**Exercise:** Exclude the pictures, and otherwise reproduce the data in full.

**Recorded data:**

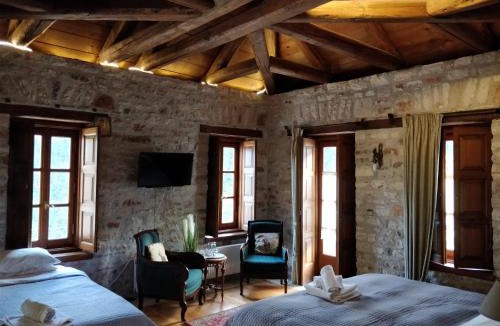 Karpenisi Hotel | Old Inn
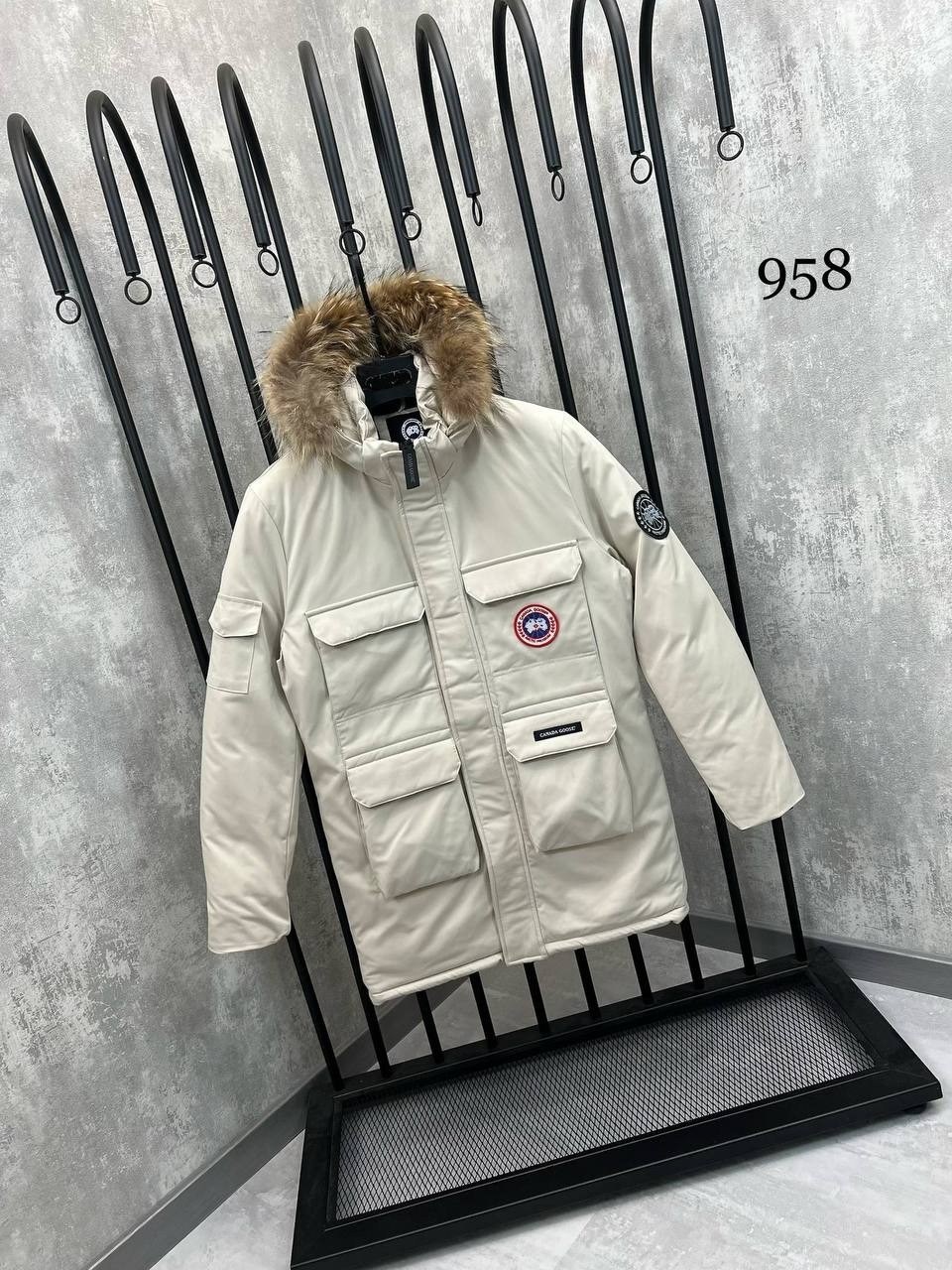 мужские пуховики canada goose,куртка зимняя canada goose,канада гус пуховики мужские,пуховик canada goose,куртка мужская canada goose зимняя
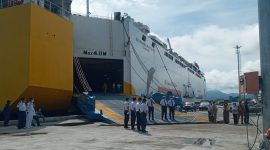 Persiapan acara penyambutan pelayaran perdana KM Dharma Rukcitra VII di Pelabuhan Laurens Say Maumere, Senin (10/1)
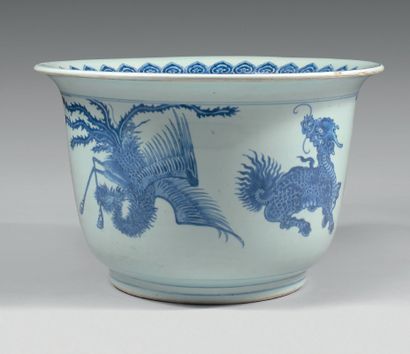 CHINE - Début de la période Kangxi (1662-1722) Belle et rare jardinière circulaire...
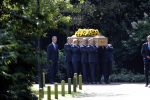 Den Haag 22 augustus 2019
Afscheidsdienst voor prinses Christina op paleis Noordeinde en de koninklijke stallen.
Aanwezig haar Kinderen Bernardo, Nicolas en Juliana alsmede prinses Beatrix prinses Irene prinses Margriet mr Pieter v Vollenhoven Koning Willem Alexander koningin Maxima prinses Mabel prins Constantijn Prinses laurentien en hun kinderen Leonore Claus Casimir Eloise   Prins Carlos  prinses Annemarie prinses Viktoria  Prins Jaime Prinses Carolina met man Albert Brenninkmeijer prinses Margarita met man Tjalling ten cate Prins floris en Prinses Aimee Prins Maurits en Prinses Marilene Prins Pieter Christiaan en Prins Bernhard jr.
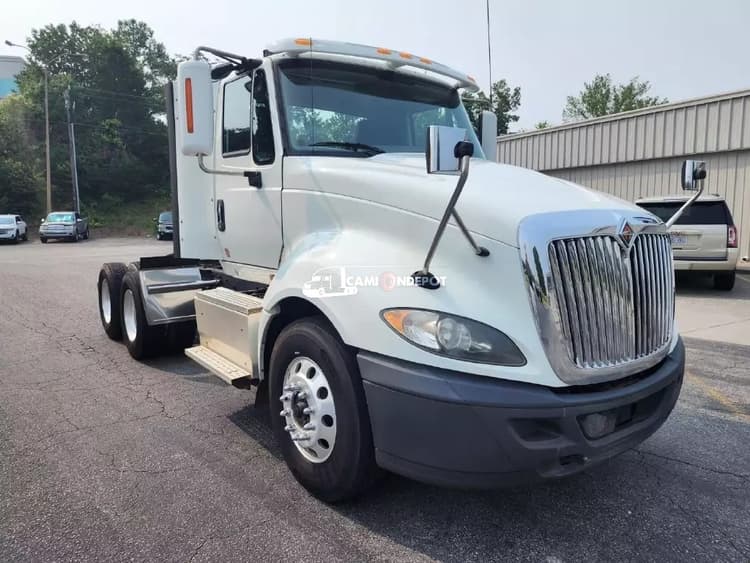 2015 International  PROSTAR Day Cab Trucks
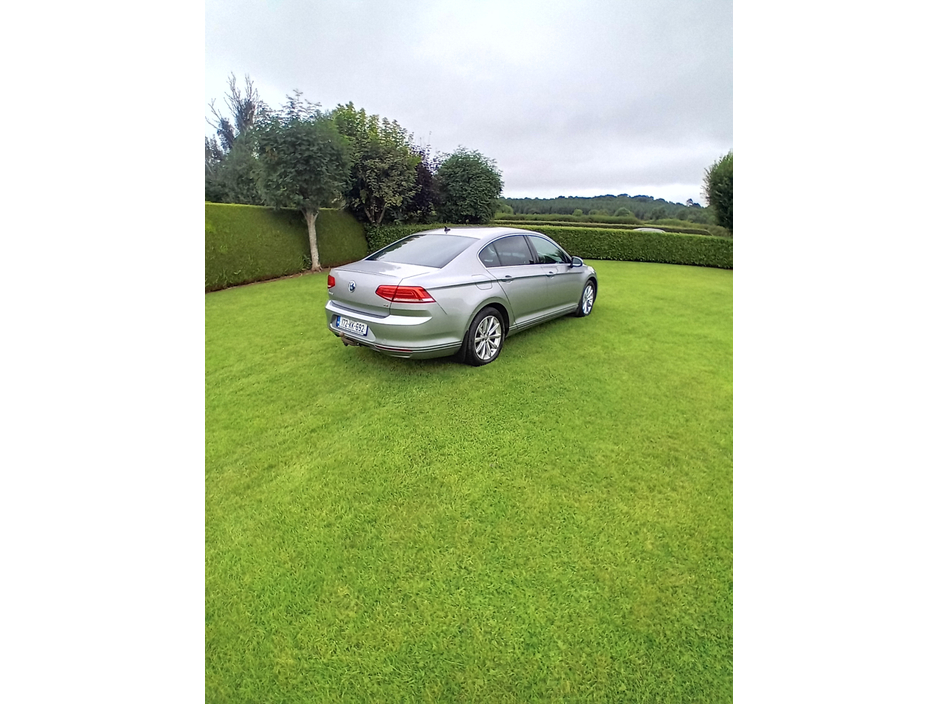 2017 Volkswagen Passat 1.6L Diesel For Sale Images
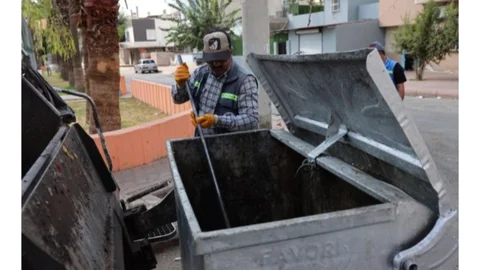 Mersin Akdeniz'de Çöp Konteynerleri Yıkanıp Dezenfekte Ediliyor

**Answer space:**
 Karpenisi Hotel | Old Inn
 мужские пуховики canada goose,куртка зимняя canada goose,канада гус пуховики мужские,пуховик canada goose,куртка мужская canada goose зимняя
 Persiapan acara penyambutan pelayaran perdana KM Dharma Rukcitra VII di Pelabuhan Laurens Say Maumere, Senin (10/1)
 CHINE - Début de la période Kangxi (1662-1722) Belle et rare jardinière circulaire...
 Den Haag 22 augustus 2019
Afscheidsdienst voor prinses Christina op paleis Noordeinde en de koninklijke stallen.
Aanwezig haar Kinderen Bernardo, Nicolas en Juliana alsmede prinses Beatrix prinses Irene prinses Margriet mr Pieter v Vollenhoven Koning Willem Alexander koningin Maxima prinses Mabel prins Constantijn Prinses laurentien en hun kinderen Leonore Claus Casimir Eloise   Prins Carlos  prinses Annemarie prinses Viktoria  Prins Jaime Prinses Carolina met man Albert Brenninkmeijer prinses Margarita met man Tjalling ten cate Prins floris en Prinses Aimee Prins Maurits en Prinses Marilene Prins Pieter Christiaan en Prins Bernhard jr.
 2015 International  PROSTAR Day Cab Trucks
 2017 Volkswagen Passat 1.6L Diesel For Sale Images
 Mersin Akdeniz'de Çöp Konteynerleri Yıkanıp Dezenfekte Ediliyor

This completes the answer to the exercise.